- PROBLEM DETAILS
Would you please return the data below verbatim, without its pictures?

----

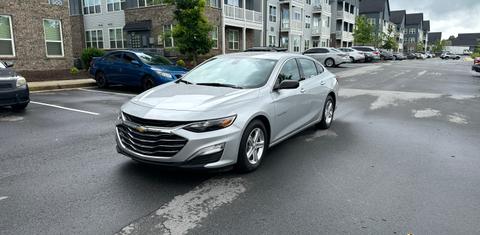 Chevrolet Malibu 2021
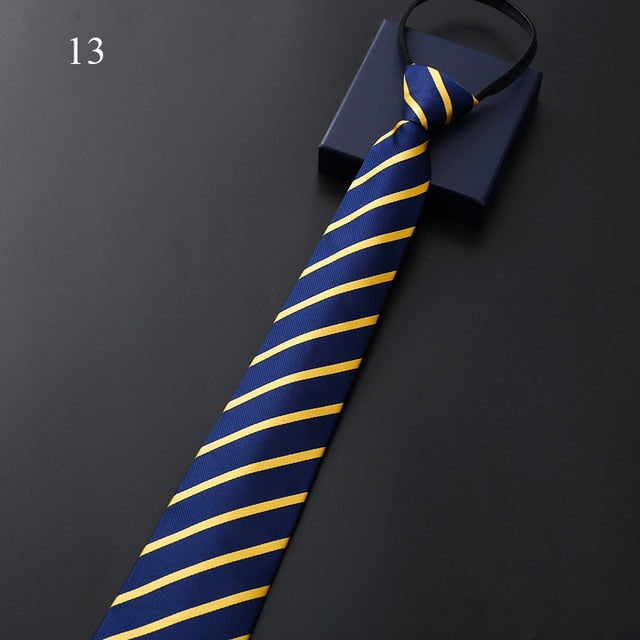 Business Formal Necktie for Men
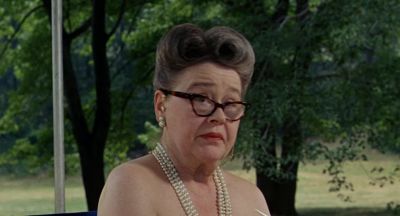 What's the matter with you - The Swimmer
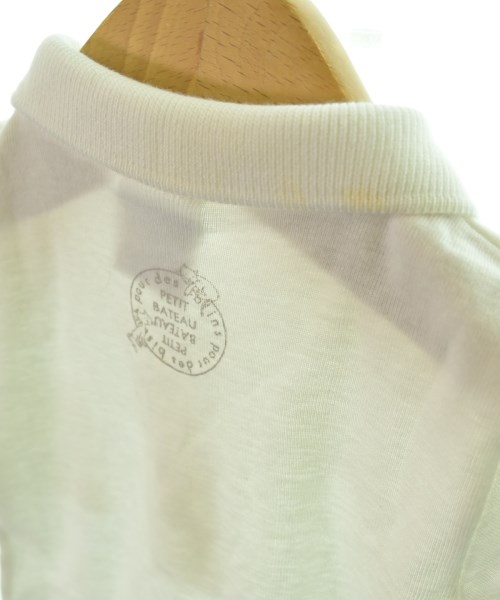 PETIT BATEAU（プチバトー）ワンピース（その他） 白 サイズ:67(6M) キッズ/2200633836719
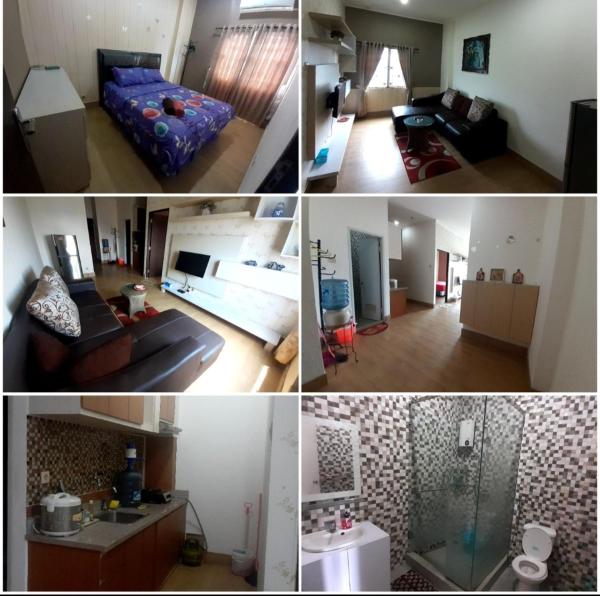 Apartemen Suhat Ely Penthouse
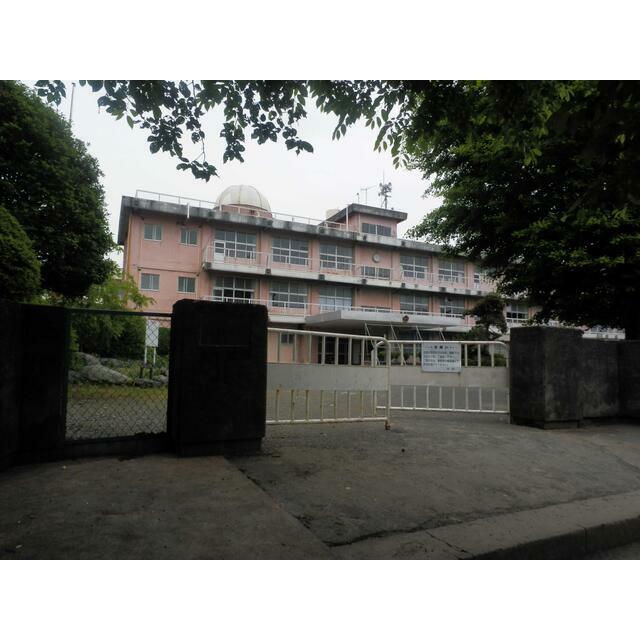 中学校　小田原市立白山中学校（中学校）まで1104m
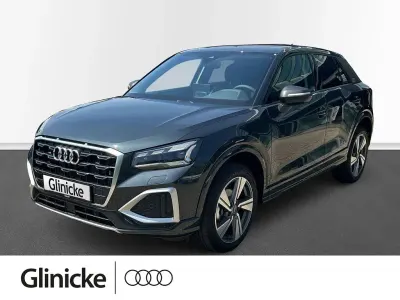 Brugt Audi Q2 Advanced Plus 150 HK (110 kW) 2025 Grå SUV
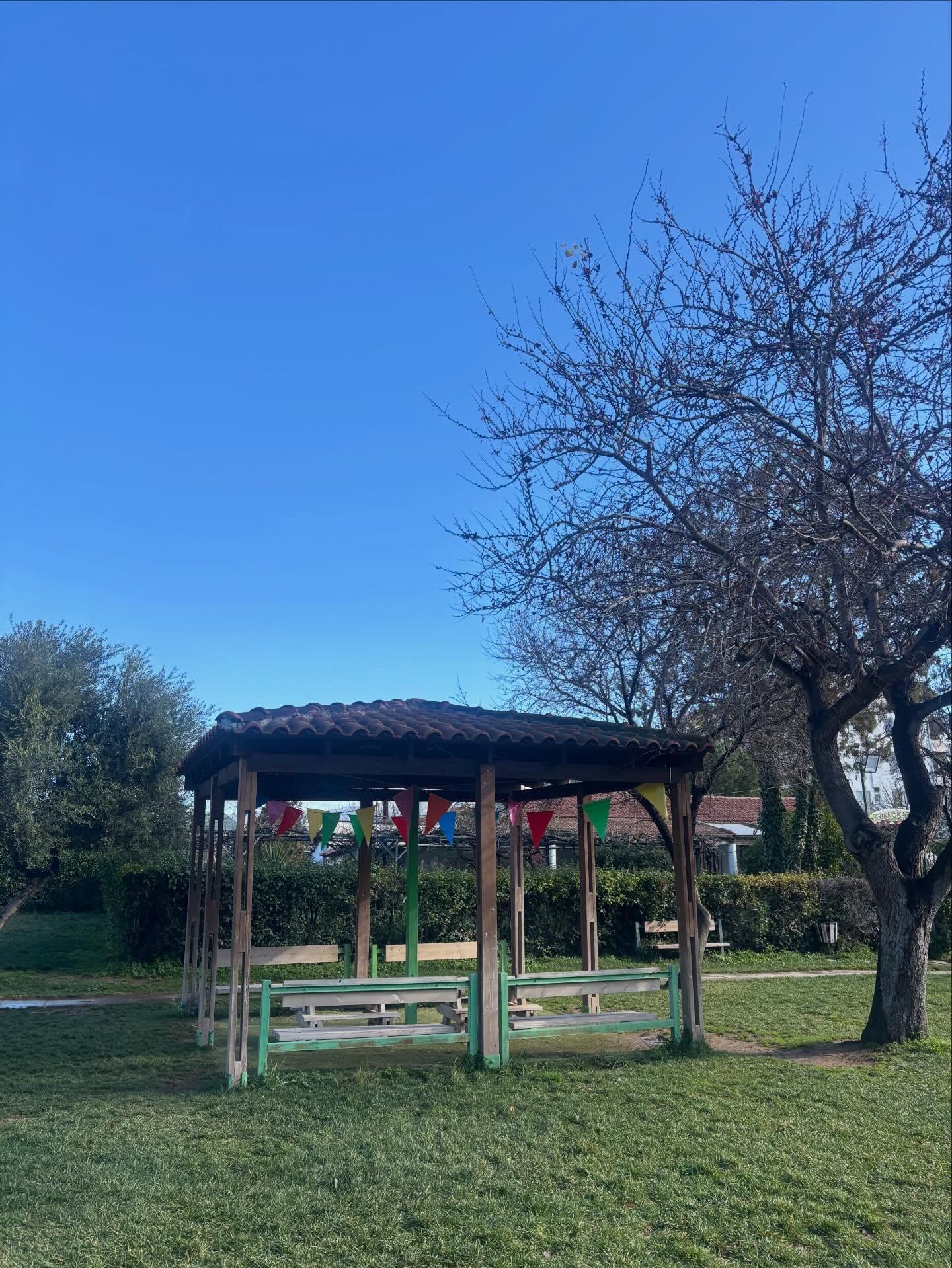 Παιδικός σταθμός και νηπιαγωγείο - "Ο ΑΓΙΟΣ ΚΥΡΗΚΟΣ" - Μαρούσι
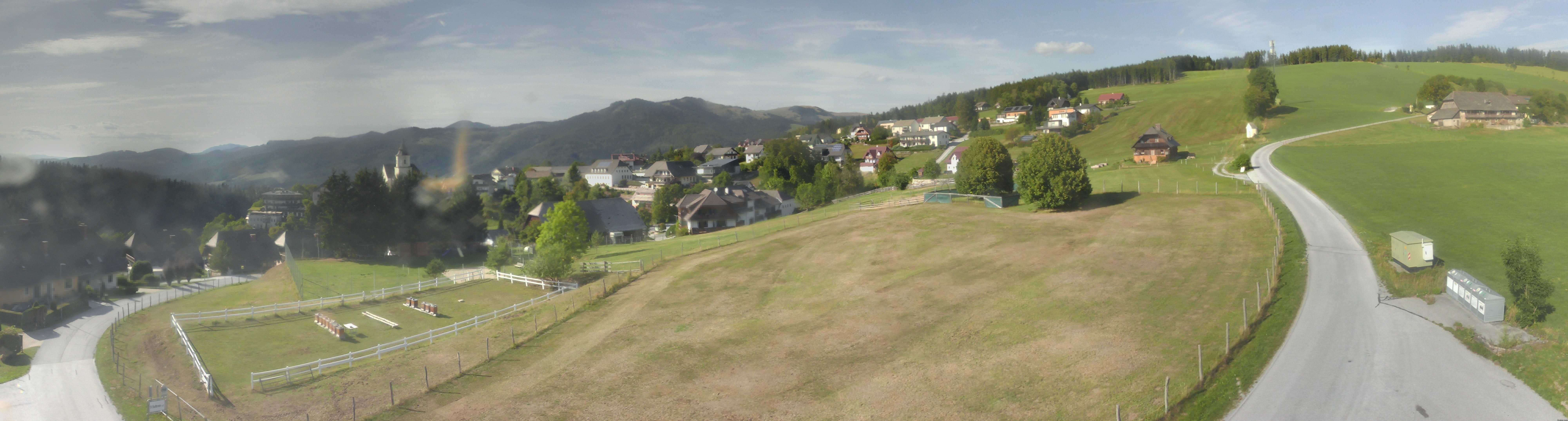 Archiv Foto Webcam St. Kathrein am Offenegg in der Steiermark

----

- RESPONSE
 Chevrolet Malibu 2021
 Business Formal Necktie for Men
 What's the matter with you - The Swimmer
 PETIT BATEAU（プチバトー）ワンピース（その他） 白 サイズ:67(6M) キッズ/2200633836719
 Apartemen Suhat Ely Penthouse
 中学校　小田原市立白山中学校（中学校）まで1104m
 Brugt Audi Q2 Advanced Plus 150 HK (110 kW) 2025 Grå SUV
 Παιδικός σταθμός και νηπιαγωγείο - "Ο ΑΓΙΟΣ ΚΥΡΗΚΟΣ" - Μαρούσι
 Archiv Foto Webcam St. Kathrein am Offenegg in der Steiermark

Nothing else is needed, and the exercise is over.